Néanmoins celles parmi nous qui avaient lu les deux romans phares de Marc Dugain, La Malédiction d’Edgar et Une exécution ordinaire, en ont vanté les mérites.

Chantal nous a alors parlé de Mécanisme du Chaos de Dominique Rondeau. Rappelons que ce livre venait tout juste de remporter le Grand Prix du Roman de l’Académie Française. Et Chantal nous a confirmé que le livre valait en effet la peine d’être lu parce que bien construit, efficace et illustrant les réalités du monde actuel.

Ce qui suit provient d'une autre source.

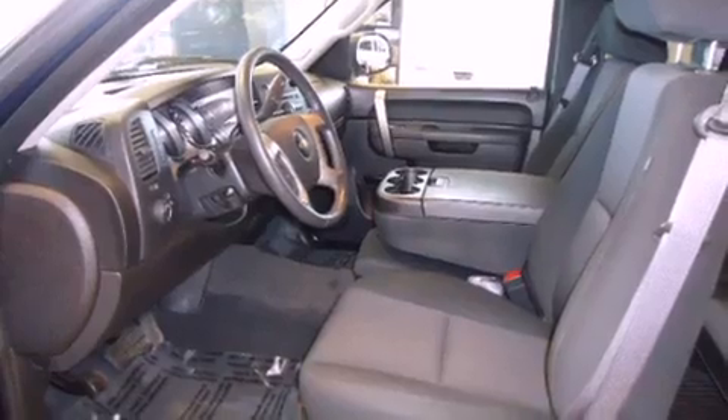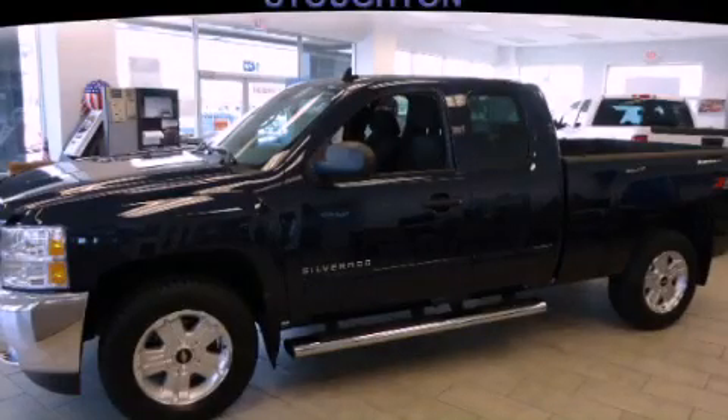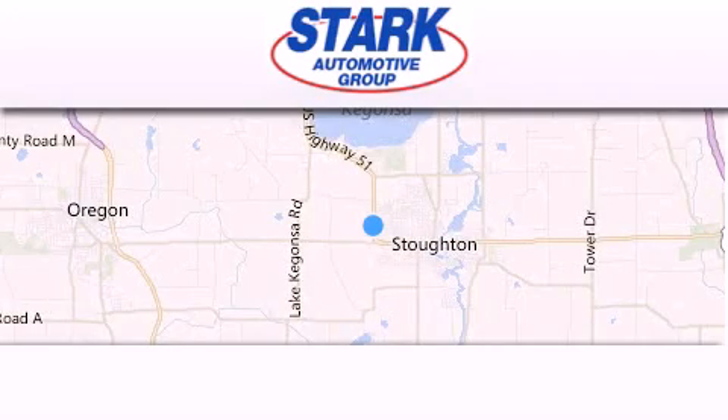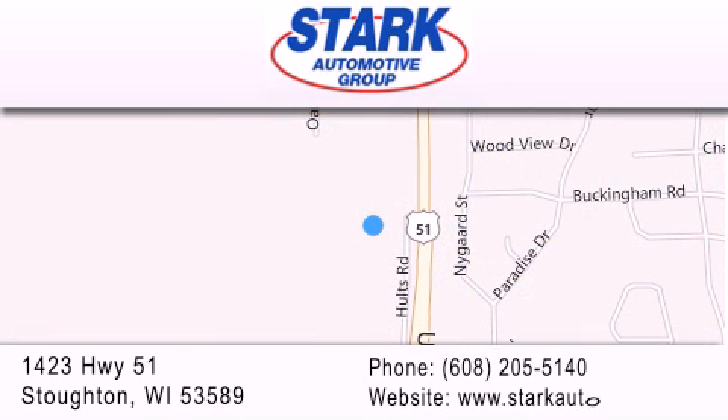This automobile won't last long at this price. Call and arrange a test drive now. Stark Automotive is located at 1423 Highway 51 in Stauffton. Our goal is to exceed all of your expectations to ensure that you'll return for future visits.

Quelques mots sur l’intrigue que Chantal a bien fait attention à ne pas nous dévoiler (je vous restitue les mots de l’éditeur) : Tout commence avec une adolescente somalienne, Habiba, rescapée d’un naufrage sur les côtes maltaises. Elle sera, avec Grimaud, archéologue français résidant en Tunisie, et Harry, jeune orphelin d’une banlieue parisienne, l’un des trois fils rouges de cette fresque qui nous conduit en Somalie, en Ethiopie, en Turquie, en Irak, en Lybie, en Algérie, en Egypte et surtout en France. (…) Des rues d’Istanbul  aux ruines d’une antique cité pillée par des islamistes, de Tunis aux banlieues françaises désertées par la République, Daniel Rondeau noue et dénoue l’écheveau du chaos contemporain où affairisme, politique et religion s’interpénètrent.

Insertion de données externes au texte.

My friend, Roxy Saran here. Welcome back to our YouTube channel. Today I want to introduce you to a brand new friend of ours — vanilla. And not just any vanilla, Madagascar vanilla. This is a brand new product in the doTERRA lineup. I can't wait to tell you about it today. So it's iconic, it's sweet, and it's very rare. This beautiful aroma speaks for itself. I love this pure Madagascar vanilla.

Chantal reconnaissait les mérites du livre de Dominique Rondeau mais malgré tout elle nous a recommandé deux autres écrivains, l’un pour sa force documentaire, l’autre pour son  talent narratif. Olivier Nourek écrit des romans policiers mais n’a pas son pareil pour nous transmettre ce qui se vit réellement aujourd’hui à Calais (roman Entre deux mondes) ou hier dans les banlieues (romans Territoire ou Code 93). Adélaïde de Clermont-Tonnerre, lauréat du Grand Prix du Roman de l’Académie Française 2016, nous offre, elle, un roman formidable nommé Le dernier des nôtres.

Nos discussions ont été encore bien riches et bien passionnées avant que Yassi ne reprenne la parole pour clore notre rencontre en nous présentant les dernières lectures qu’elle tenait à partager avec nous.

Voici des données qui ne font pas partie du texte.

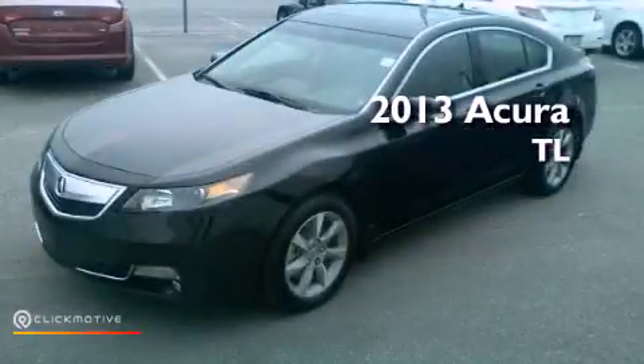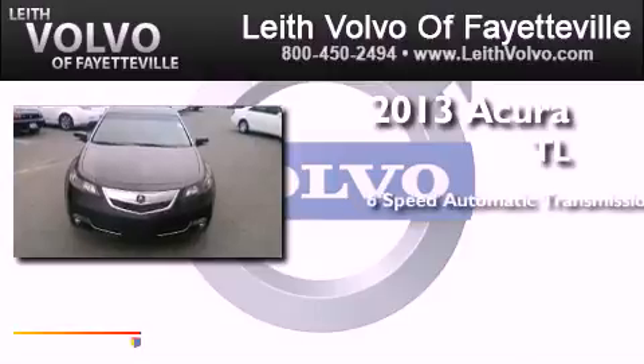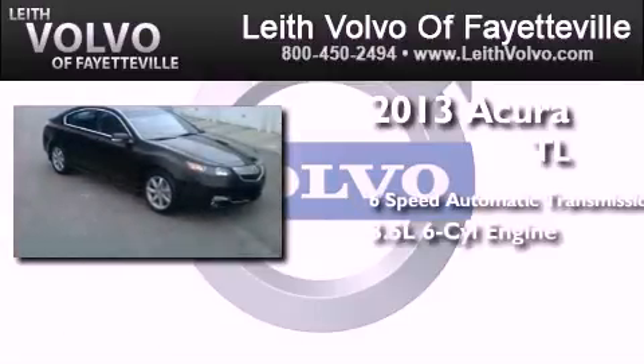This is a 2013 Acura TL. This car has a six-speed automatic transmission and a 3.5-liter V6.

Elle avait en effet découvert un nouvel écrivain qui l’avait enchantée : Alessandro Piperno avec son dernier roman Là où l’histoire se termine, un roman, nous-a-t-elle dit qui nous fait aimer des personnages que nous trouverions détestables dans la vraie vie ! Elle avait particulièrement aimé aussi le dernier roman d’un écrivain suisse allemand dont elle avait surtout lu des nouvelles jusqu’ici : l’un l’autre de Peter Stamm. Un récit intimiste qui imagine une famille parfaite, un couple parfait, où un jour sans raison et sans explication l’homme part. On suit le mari et la femme dans leurs nouvelles vies, chacun son tour, et ce n’est qu’à la fin de l’histoire que l’on comprendra le sens de leur vie, de ce qui les lie.

Pour finir elle nous a dit quelques mots sur l’histoire de piraterie moderne, mythique et ressemblant à un conte que Miguel Bonnefoy dessine dans Sucre Noir et nous a reparlé de son précédent livre, Le voyage d’Otavio, qu’elle nous recommandait conjointement avec Carmela pour sa douceur poétique. Elle a terminé en nous disant qu’elle avait aimé aussi, parmi les publications de la rentrée, Trois jours chez ma tante d’Yves Ravey.

Nous avons convenu de nous retrouver le vendredi 24 novembre pour notre prochaine réunion mensuelle.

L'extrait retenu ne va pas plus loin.